We can enter something in the box:
$ http -b $wds/element/$elem/value text='badger' { "value": null }
You should see a badger in the wd-text
box. If you run the command
more than once, you will see multiple badgers in the box.
The value
request does not set the value of a form input as you
might hope. Instead it simulates typing!
So, to correctly fill a text input you need to clear it first, like:
$ echo '{}' | http POST $wds/element/$elem/clear { "value": null } $ http -b $wds/element/$elem/value text='snake' { "value": null }
Then you can be sure you have only a snake.
selection menus
Because it pretends to type at an element, the value
request is no
use for setting the value of a menu.
$ http -b $wds/element using='css selector' value='#wd-sel' { "value": { "element-6066-11e4-a52e-4f735466cecf": "9b4fa642-d7e2-e942-a90a-b6700d1b9eef" } } $ elem="9b4fa642-d7e2-e942-a90a-b6700d1b9eef"
$ http -b $wds/element/$elem/value text='bcde' { "value": null } $ http -b $wds/element/$elem/property/value { "value": "cdef" }
If you try this you will find it doesn't select the option as
expected - my property/value
request read back "cdef" not "bcde"!
(It doesn't even behave in anything like a way that I can understand!)

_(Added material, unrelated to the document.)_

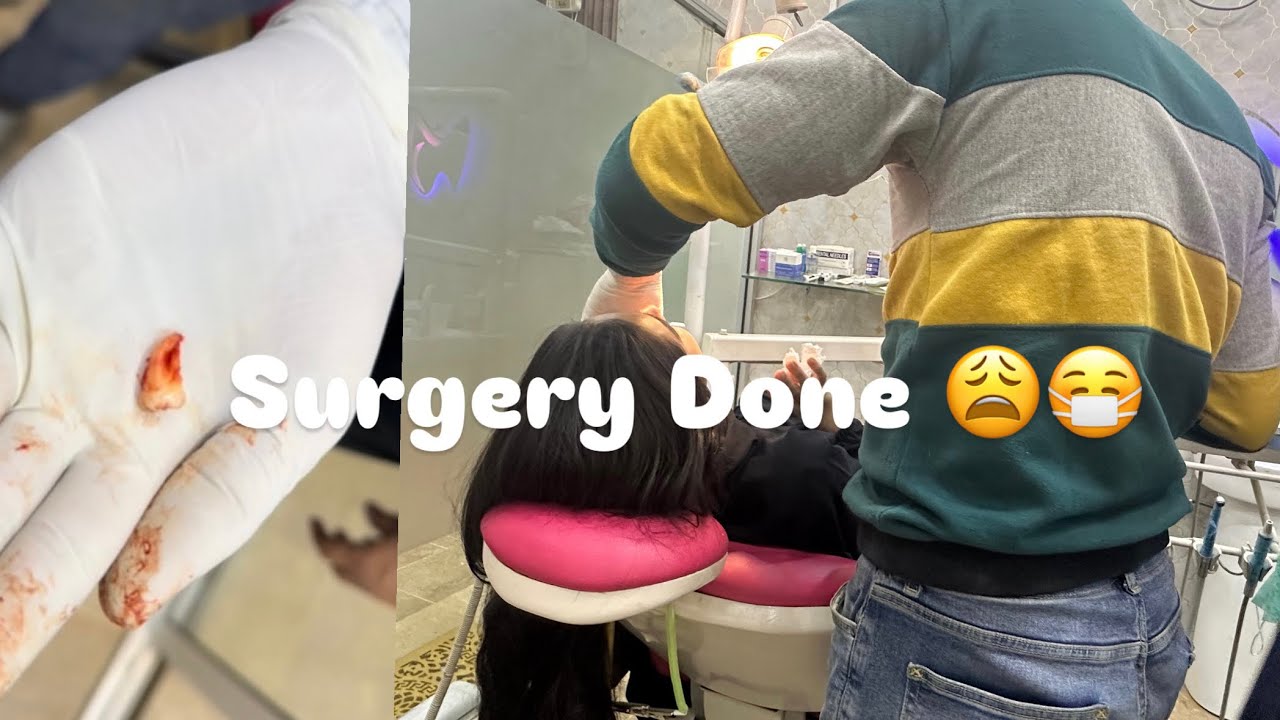 Wisdom Tooth removed!😷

Instead you need to click on the relevant option, like:
$ http -b $wds/element using='css selector' \ value='#wd-sel option[value="bcde"]' { "value": { "element-6066-11e4-a52e-4f735466cecf": "450dc8b3-aa9c-b241-b15b-3b66cdefa91a" } } $ elem="450dc8b3-aa9c-b241-b15b-3b66cdefa91a" $ echo '{}' | http POST $wds/element/$elem/click { "value": null }
In cases where the option values don't have straightforward meanings, I have found it helpful to use Xpath to match the option text, like:
$ http -b $wds/element using='xpath' \ value='//select[@id="wd-sel"]/option[text()="bcde"]' { "value": { "element-6066-11e4-a52e-4f735466cecf": "450dc8b3-aa9c-b241-b15b-3b66cdefa91a" } }
Other gotchas
There are a few other tricky cases that I have encountered.
hide and click
One of my scripts has to deal with a pop-up date picker. Fortunately I can just type into the date box and ignore the picker - except that the picker pops over another element that I want to click on. In that situation, WebDriver returns an error saying you can't click on an obscured element.
So I had to make my script click elsewhere to dismiss the date picker, before clicking on the obscured drop-down menu.
synchronous vs asynchronous
Most WebDriver actions return a response after the action has completed, so scripts don't have to worry about all the multi-process machinery that is making it work.
However, when a click activates some JavaScript that does the actual thing, WebDriver returns a response immediately. There are cases where the thing is slow (such as performing a back-end API request) so it is fairly obvious that the WebDriver script gets a response before the browser is done.
My scripts handle this by repeatedly making elements
requests until
the expected element appears. There's a timeout in case something
unexpected happens.
You also need to beware of cases where the thing is fast (such as manipulating the DOM to adjust a form) because that can lead to tricky race conditions between the WebDriver script turn-around time and the JavaScript completion time.
That's it!
That is basically everything I have needed to learn about WebDriver to make it useful for scripting web sites.
I have found that most of the work scripting a site is finding out how to automatically navigate the site while ensuring that it is working as expected. WebDriver itself has not been much of a pain point!
There are a bunch of other things that you can do with webdriver such as manipuating windows and taking screenshots, but I haven't needed them.